It is hard to imagine that the man in this picture, well known forhis even temperament, could be so tormented by an intransigent still life, otherwise known as dinner, and the vagaries of a camera self timer: and yet, it had all started so well. The kitchen had been calm: a culinary temple wherein was being performed that ancient ritual whereby man, with the aid of fire, transforms sacrificial beasts into lunch or dinner. Beasts, in this kitchen, are not necessarily four legged nor even, for the most part, legged at all. The red and bloody beast beneath my knife was completely free of any ambulatory appendages but was no less a beast for the lack of them: the two thick meaty slices cut from this tomato, a native of my neighbour’s potagère, were to be the turf upon which would be placed the surf; a tsunami of coral edged scallops flecked with the green of flat parsley and the ivory of slivered, buttery garlic. Tomatoes in a hot oven for 30 minutes topped with scallops pan fried in butter with parsley and garlic:the plan was so simple and so we steamed quietly on towards the iceberg. It is said that we humans perform a great many of our normal functions unconsciously; driving a car is such a moment when each combination of movements between hand, foot and eye are not individually considered yet occur at the right moment…..for the most part. As I took the very hot tomato dish out of the very hot oven my automatic pilot was pouring a glass of red. Without his aid I performed a masterly fuck up of prestidigitation which resulted in a proportion of the hitherto perfect roast tomato slices being scattered over the open oven door whilst the dish containing the remains had taken on the look of a gaping wound of the sort that, in a hospital drama, would prompt our surgically masked hero to quietly intone “I’m going to have to call it…”. I, on the other hand dug deep into the mine of arcane profanity from where I conjured monstrous conjunctions of scallops fornicating with the inept cunts who had constructed the oven on whose door I was currently burning my arm.

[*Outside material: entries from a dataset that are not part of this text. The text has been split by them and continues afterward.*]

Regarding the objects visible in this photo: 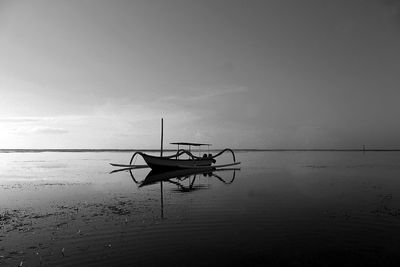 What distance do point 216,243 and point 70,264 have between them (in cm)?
581

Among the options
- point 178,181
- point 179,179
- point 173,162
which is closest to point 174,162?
point 173,162

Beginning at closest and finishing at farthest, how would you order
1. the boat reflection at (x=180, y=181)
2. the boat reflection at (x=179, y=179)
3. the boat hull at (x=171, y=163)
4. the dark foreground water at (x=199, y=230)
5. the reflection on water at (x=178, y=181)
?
the dark foreground water at (x=199, y=230) < the reflection on water at (x=178, y=181) < the boat reflection at (x=180, y=181) < the boat reflection at (x=179, y=179) < the boat hull at (x=171, y=163)

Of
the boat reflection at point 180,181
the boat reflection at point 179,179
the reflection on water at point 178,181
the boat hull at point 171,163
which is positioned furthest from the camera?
the boat hull at point 171,163

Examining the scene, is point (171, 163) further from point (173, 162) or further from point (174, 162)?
point (174, 162)

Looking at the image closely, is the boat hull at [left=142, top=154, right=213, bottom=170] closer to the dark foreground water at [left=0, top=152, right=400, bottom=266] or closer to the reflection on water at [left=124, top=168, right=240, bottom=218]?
the reflection on water at [left=124, top=168, right=240, bottom=218]

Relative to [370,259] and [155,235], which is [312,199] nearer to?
[370,259]

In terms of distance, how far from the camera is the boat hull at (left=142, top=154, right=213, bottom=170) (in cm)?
4847

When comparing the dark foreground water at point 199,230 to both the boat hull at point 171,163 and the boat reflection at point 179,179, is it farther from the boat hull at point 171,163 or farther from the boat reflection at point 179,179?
the boat hull at point 171,163

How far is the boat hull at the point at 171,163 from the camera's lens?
159 feet

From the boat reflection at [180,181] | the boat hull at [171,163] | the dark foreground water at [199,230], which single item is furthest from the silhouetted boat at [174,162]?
the dark foreground water at [199,230]

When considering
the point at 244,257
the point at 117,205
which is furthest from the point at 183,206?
the point at 244,257

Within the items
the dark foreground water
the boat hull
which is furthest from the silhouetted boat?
the dark foreground water

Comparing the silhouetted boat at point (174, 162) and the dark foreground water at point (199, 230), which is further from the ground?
the silhouetted boat at point (174, 162)

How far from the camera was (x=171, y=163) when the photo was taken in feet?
168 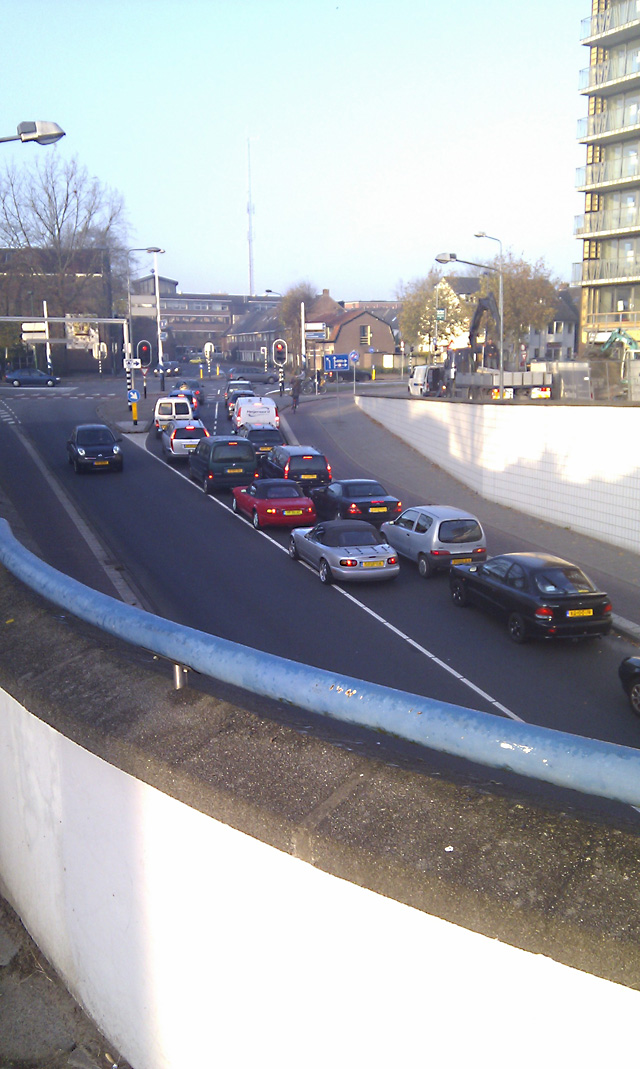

I have long held the view that cosmetics have no place in cooking and this dish of scallops slavishly upheld this principle making me wonder whether minimal makeup might occasionally override the bare faced approach in future forays. However, as I have told myself over and over again, looks are not everything and this dish is very good indeed. As a footnote, it might interest you to know that I found the recipe in a favourite cookery book of mine – “Classic Conran”- and I have only just noticed that the recipe is illustrated with a few ambivalent black and white pictures, unlike the other dishes in the book which are glamourously portrayed in mono saturated colour, and which show little or nothing of scallops and tomatoes…could the well designed Conran fan have been hit by the very same shit that hit mine?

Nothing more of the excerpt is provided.